### What the task asks
Nothing but the lines from the one with "Norcho 1.1 Gallon" down to the one with "LG 55-inčni LG" should be returned, exactly and with both ends included, from the material below.

● ● ●

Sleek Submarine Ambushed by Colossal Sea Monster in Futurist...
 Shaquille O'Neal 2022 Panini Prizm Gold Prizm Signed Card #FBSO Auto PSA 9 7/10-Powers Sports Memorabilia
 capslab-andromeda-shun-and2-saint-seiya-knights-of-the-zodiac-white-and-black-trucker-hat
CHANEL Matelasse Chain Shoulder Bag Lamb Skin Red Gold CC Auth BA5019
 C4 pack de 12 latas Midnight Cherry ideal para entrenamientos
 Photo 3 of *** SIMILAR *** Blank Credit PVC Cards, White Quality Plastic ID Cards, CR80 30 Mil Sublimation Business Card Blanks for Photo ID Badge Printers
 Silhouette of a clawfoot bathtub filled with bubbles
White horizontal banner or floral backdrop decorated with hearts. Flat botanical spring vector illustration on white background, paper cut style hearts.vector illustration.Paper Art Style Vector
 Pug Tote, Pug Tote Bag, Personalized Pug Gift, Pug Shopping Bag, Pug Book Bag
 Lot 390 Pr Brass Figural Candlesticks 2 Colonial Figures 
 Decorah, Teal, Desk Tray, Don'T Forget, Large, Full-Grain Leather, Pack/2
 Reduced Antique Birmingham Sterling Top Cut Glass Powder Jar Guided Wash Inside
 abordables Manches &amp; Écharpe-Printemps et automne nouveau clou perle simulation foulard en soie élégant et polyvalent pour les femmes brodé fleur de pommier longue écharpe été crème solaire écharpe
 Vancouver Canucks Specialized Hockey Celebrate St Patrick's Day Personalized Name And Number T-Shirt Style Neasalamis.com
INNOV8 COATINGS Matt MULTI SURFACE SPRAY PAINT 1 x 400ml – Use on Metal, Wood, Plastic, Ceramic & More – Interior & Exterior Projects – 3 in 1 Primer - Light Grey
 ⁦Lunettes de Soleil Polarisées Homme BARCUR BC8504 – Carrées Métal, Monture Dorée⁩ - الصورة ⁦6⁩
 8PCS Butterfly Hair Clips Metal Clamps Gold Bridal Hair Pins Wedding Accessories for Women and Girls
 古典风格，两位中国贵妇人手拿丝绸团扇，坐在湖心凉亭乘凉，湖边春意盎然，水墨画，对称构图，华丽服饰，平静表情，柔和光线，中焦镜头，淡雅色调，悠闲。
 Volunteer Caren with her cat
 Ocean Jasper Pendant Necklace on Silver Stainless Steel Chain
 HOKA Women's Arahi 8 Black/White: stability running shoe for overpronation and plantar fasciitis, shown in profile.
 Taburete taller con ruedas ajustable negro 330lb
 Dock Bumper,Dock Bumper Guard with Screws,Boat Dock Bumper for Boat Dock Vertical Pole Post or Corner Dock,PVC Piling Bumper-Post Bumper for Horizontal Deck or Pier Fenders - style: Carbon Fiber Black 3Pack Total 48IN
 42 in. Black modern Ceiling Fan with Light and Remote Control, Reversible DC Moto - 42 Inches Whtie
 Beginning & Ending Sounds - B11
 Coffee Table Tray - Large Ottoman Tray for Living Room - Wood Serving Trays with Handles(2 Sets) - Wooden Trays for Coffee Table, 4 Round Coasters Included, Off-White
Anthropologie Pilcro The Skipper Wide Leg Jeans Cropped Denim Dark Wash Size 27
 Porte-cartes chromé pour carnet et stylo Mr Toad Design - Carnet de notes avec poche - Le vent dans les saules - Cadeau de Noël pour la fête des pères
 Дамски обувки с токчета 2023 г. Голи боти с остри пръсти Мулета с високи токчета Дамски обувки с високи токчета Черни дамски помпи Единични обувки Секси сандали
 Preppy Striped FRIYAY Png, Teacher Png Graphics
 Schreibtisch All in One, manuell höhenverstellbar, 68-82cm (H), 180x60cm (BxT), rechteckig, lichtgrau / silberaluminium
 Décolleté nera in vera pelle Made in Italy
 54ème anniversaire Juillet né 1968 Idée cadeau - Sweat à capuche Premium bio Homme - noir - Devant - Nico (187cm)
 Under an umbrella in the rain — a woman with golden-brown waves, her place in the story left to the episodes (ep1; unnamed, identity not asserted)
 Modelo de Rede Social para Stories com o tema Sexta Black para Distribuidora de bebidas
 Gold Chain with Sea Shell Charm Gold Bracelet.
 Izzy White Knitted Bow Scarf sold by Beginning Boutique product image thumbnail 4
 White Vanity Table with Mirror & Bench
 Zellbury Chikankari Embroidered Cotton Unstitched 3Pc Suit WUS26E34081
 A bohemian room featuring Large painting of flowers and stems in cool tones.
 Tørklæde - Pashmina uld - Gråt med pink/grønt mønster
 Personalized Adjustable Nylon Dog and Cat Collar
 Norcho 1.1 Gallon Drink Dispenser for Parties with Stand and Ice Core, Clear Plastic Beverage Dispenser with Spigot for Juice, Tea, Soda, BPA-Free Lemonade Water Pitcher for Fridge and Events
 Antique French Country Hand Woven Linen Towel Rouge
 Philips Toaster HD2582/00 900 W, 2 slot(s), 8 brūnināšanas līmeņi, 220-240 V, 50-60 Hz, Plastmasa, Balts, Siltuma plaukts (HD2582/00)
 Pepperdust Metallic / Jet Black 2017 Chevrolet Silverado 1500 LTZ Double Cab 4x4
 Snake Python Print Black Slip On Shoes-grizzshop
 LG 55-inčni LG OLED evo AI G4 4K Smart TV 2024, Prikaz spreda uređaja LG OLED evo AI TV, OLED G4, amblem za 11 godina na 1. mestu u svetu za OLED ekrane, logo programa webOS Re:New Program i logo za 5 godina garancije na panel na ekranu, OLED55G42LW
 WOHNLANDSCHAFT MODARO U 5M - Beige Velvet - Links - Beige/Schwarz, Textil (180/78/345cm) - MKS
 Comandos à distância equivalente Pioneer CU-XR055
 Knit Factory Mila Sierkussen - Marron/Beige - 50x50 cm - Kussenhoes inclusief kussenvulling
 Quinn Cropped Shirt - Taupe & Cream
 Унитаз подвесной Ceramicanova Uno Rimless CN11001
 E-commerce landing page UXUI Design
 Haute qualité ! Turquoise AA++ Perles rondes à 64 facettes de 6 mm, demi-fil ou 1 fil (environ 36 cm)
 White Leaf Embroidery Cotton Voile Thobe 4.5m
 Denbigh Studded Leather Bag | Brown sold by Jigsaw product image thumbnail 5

● ● ●

### Answer section
 Norcho 1.1 Gallon Drink Dispenser for Parties with Stand and Ice Core, Clear Plastic Beverage Dispenser with Spigot for Juice, Tea, Soda, BPA-Free Lemonade Water Pitcher for Fridge and Events
 Antique French Country Hand Woven Linen Towel Rouge
 Philips Toaster HD2582/00 900 W, 2 slot(s), 8 brūnināšanas līmeņi, 220-240 V, 50-60 Hz, Plastmasa, Balts, Siltuma plaukts (HD2582/00)
 Pepperdust Metallic / Jet Black 2017 Chevrolet Silverado 1500 LTZ Double Cab 4x4
 Snake Python Print Black Slip On Shoes-grizzshop
 LG 55-inčni LG OLED evo AI G4 4K Smart TV 2024, Prikaz spreda uređaja LG OLED evo AI TV, OLED G4, amblem za 11 godina na 1. mestu u svetu za OLED ekrane, logo programa webOS Re:New Program i logo za 5 godina garancije na panel na ekranu, OLED55G42LW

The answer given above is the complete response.